Former RTÉ producer and journalist Caroline Murphy left her media job in 2018 to join then minister for foreign affairs, Charlie Flanagan, as his press adviser. Caroline, who is married to veteran broadcaster Sean O’Rourke, then moved on to become a special adviser to the Green Party Minister of State, Pippa Hackett.

After she retired from that role in 2022, her son Declan O’Rourke, a long-time member of the Greens – applied for the job and was appointed one of the Minister’s two special advisers. He had been working as a solicitor with one of the big five law firms when he made the move into politics.

And now Caroline Murphy has returned to the thick of it in Government Buildings. Minister for Justice Helen McEntee recently appointed her as a special adviser to replace Fiach Kelly (formerly of this parish) who left to join Diageo Ireland as head of public policy and affairs.

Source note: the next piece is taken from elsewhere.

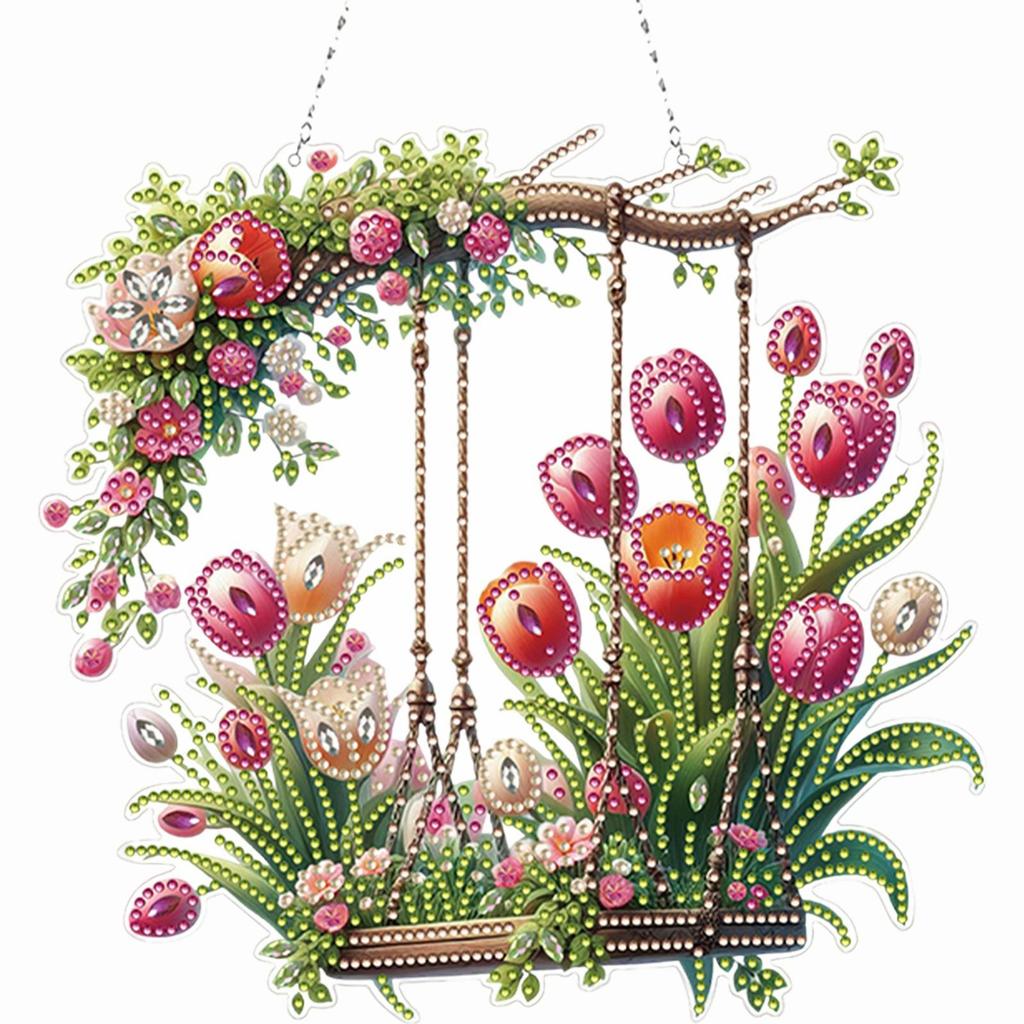 Acryl Spezialform Blumen Vogelhaus Strass Diamant Kunst Anhänger Diamantmalerei Hängeanhänger für Garten Fenster Dekoration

RahMahal and the Mary Louvre

Discretion, they say, is the better part of valour and Sinn Féin’s Dessie Ellis might have been wiser to keep his trap shut during Leaders’ Questions on Wednesday when Heather Humphreys shot holes in Mary Lou McDonald’s declaration that a Sinn Féin government would “get house prices as low as we feasibly can” with the objective of bringing house prices in Dublin down to “the €300,000 mark”.

A house in a rural area can’t be built for that price, said the Minister for Social Protection, citing the case of a farmer in her locality whose son couldn’t build a house on his own land for that sort of money and that was with a free site.

“Now tell me, deputy, I have to ask you one question: would you build your house for €300,000? I couldn’t. It’s not possible to do it… You cannot build a house for €300,000. That is it and that is the fact of the matter.”

Mary Lou didn’t demur.

Dessie Ellis wondered what sort of house Heather was talking about.

“Is it a mansion?” he shouted.

His colleagues said nothing.

Has Dessie never seen his leader’s gorgeous big house?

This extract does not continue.